Sunday, June 28, 2009

Letting Go Without Giving Up

Alexander teachers are always telling their pupils to 'release' and 'let go', both of their muscles and their preoccupation with a specific goal. This often makes their pupils feel that they should try for a kind of beatific non-involvement with worldly affairs and concern themselves with higher things - which can quickly get extremely depressing. Nothing worse for morale than feeling that you shouldn't be doing what you are longing to do.

What is happening, however, is that we are mixing up 'letting go' with 'giving up'. There's an important difference between these two terms which we often fail to appreciate. I know I used to confuse one with the other until I sat down one day (in a released Alexanderly way, I hope!) and sorted them out.

'Letting go' of your aim or goal isn't the same as giving it up.

Giving it up means deciding that you're not going to have it, for whatever reason. Forgetting about achieving it. It has echoes of 'giving up', hopeless, sad, forlorn.

But 'letting go' only means you stop holding on to it - or perhaps it would be more accurate to say that you stop holding on to the desire for it.

So if we're thinking of wanting the neck to release, the head to go forward and up, and so on, we don't want to be obsessing about how much we want that release to happen/whether it's working/whether we're doing it right/whether it will work tomorrow/whether it will work for the rest of our lives/whether it will help that bad back...

All that just takes attention and energy away from the release itself.

I find it really ironical that it's our very obsession with the result, the desperation of our need for it, that prevents it from happening. Whereas if we're a bit stand offish, and look away, so to speak, with an attitude of,"It's okay whether it happens or not", it very often does.

This standoffishness can be really difficult to reach, because of course, inside I'm just dying for the release to happen, for my bad back to get better, or my frozen shoulder to release, or whatever.

I always felt a bit of a fraud in this situation, and tried valiantly not to want the result so desperately, but to remain centred - until I realised that the very effort of trying not to do it was tightening me up further. And then I had a minor epiphany and realised that I had to let go of the desire - but also of the desire to let go of the desire ...

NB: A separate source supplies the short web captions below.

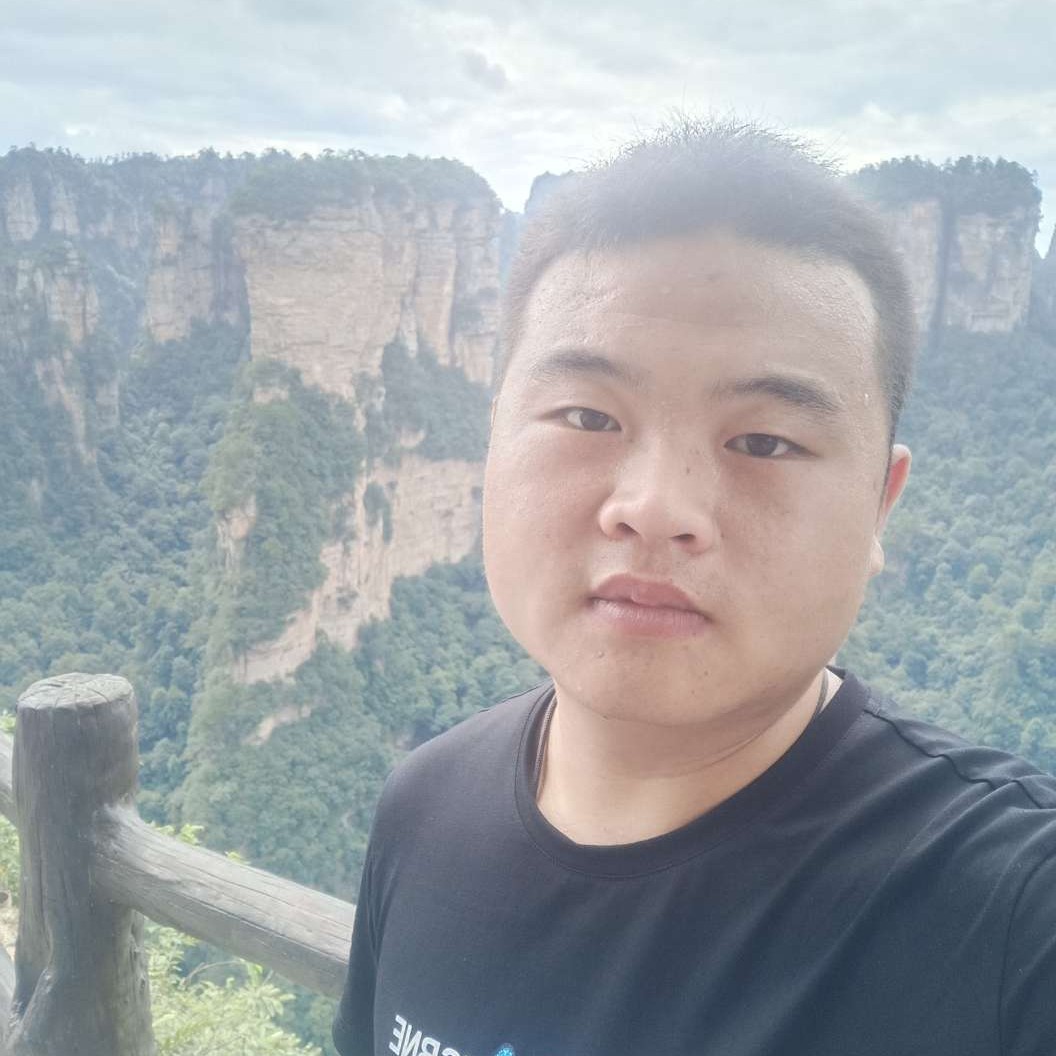 阳光保卫小蘑菇的照片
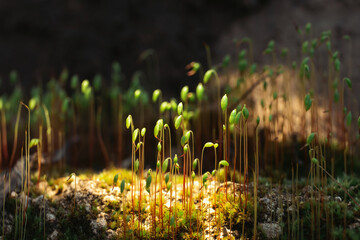 Moss is the most important component of the ecological system. They are preparing the earth for...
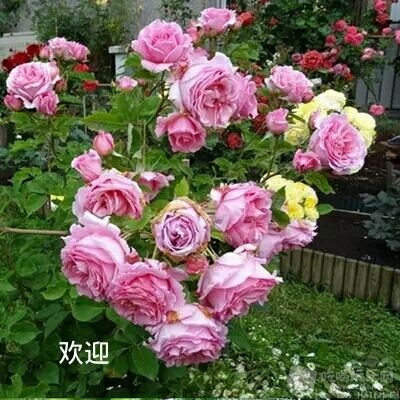 IMG_20161017_205632.JPG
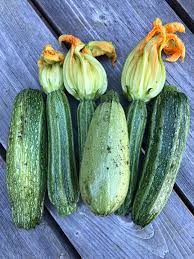 Image result for Zucchini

...but that would trap me in an endless backward loop and unending conflict ...

until I had the real epiphany and realised that I didn't have to let go of anything - I just had to let go, period.

So if I ask for release, and notice that the desire for the result isn't going away, I don't try to fight it. I just let it be and go back to 'neck free, head forward and up...'

3 comments:

Arun Srinivasan said...

Padmini, great to see you blog your thoughts. For all your pupils like me, its a great forum to discuss and see where we are. You're absolutely right about letting go, though you keep telling me that through your sessions, when I get home and want to let go, I almost want the result immediately!

Leela Krishnamohan said...

Padmini, i'm enjoying the classes especially now that i know that letting go does not mean giving up.

Padmini said...

Yes, I know, that used to be a big stumbling block for me - and since I regard myself as a fairly representative specimen of humanity, I thought I would quickly put it down in a post!